++++ Input records

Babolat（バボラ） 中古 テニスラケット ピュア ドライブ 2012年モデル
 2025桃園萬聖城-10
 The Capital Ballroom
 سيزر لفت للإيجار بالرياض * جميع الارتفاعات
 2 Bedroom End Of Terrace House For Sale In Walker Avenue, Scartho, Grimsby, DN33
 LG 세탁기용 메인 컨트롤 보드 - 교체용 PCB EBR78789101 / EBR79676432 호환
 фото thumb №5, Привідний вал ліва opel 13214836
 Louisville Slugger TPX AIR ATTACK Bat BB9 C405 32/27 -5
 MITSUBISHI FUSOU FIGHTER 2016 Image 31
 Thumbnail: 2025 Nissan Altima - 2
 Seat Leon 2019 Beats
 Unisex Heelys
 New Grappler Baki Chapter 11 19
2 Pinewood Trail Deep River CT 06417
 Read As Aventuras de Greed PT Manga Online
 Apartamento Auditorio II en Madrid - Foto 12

++++++++

▶ _Your task_:
Retype exactly, please, only the lines of the entries that run from the one containing "Unisex Heelys" to the last.

▶ _Result below_:
 Unisex Heelys
 New Grappler Baki Chapter 11 19
2 Pinewood Trail Deep River CT 06417
 Read As Aventuras de Greed PT Manga Online
 Apartamento Auditorio II en Madrid - Foto 12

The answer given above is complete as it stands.